Словом, как только дядю Иосифа отправили на лесоповал заводской план второй сталинской пятилетки быстрехонько заваливался. А за него спрашивали не только с дирекции, но и с руководства местного НКВД. Поэтому дядю быстро вернули на завод, хотя судимость и не сняли: так, зэком, он и пребывал в своей очень ответственной должности.

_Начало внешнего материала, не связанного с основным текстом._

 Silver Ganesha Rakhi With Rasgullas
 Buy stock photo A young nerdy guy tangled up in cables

Тем временем дядя Гриша продолжал валить лес, сплавлял его по Вишере да Вижаихе. Но вот в сорок втором вышло постановление: кто отсидел половину срока, мог добровольцем уйти на фронт. Тех, кто изъявил такое желание, сперва направляли в штрафную роту, а дальше, если остался живым (таких счастливцев было мало, фронтовики подтвердят), воюй в обычных частях. А следует сказать, что с начала войны энкавэдэшники «раскрыли» неисчислимое количество «заговоров» на территории ГУЛАГа, что должно было служить доказательством, что именно здесь, в неустанной борьбе с контрой, требуется сейчас их присутствие, а не на фронте. И косила «врагов народа» смерть от ужесточенного режима, от обворованной пайки, холода да официально разрешенных пыток еще похлеще, чем солдат на фронте от немецких пуль. Мой дядя тоже написал заявление. Так, мол, и так… Лучше погибнуть в честном бою… А через некоторое время товарищей его, солагерников, погонят на фронт уже без каких-либо заявлений.

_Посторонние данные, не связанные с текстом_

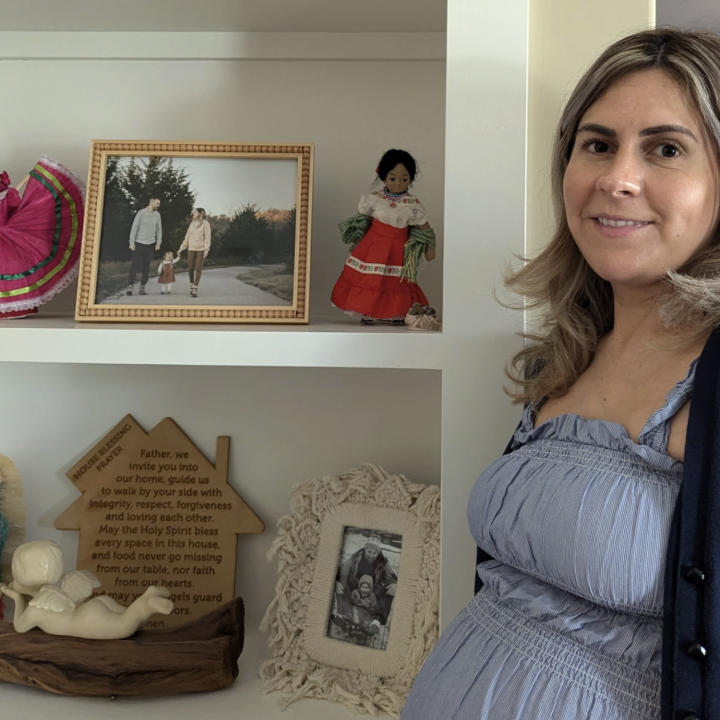Lawrence Brooks IV / KCUR 89.3 Cindy Phillips stands by a shelf filled with family photos and Mexican-themed dolls she brings back to Kearney, Missouri, when she travels back to Mexico. "Its a daily reminder of my heritage for me and my daughter."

Воевал дядя, если судить по наградам, не за страх, а за совесть, как и подобает людям чести, каковыми я знал своих близких. Дослужился до командира танковой роты. При взятии Кенигсберга был в очередной раз ранен, а пока приходил в себя, война закончилась. Будучи человеком рассудительным, возвращаться в места поселения он не захотел, остался после демобилизации в Кенигсберге. И не прогадал.

Как я уже говорил, с какого-то времени руководство ГУЛАГа разрешило родственникам жить вместе, и это коварное разрешение сыграло трагическую роль в судьбах многих недавних фронтовиков. Естественно, их потянуло к своим, то есть к месту поселения родных и близких. Тем более, что многие из них выросли в тех местах, акклиматизировались. А многим и некуда было ехать. Там, откуда в свое время выселяли, их никто не ждал. Власти особого восторга не испытывали: Одним бывшим зэком, «врагом народа», больше. Хорошо помню, что несколько таких семей, уехавших после освобождения на родину, вскоре возвратились обратно. А те, кто решился осесть в родном краю, чувствовали себя отверженными и, как правило, были на свободе до первого доноса, так что большинство предпочитало оставаться там, где их уже знали, среди таких же бывших ссыльных и зэков.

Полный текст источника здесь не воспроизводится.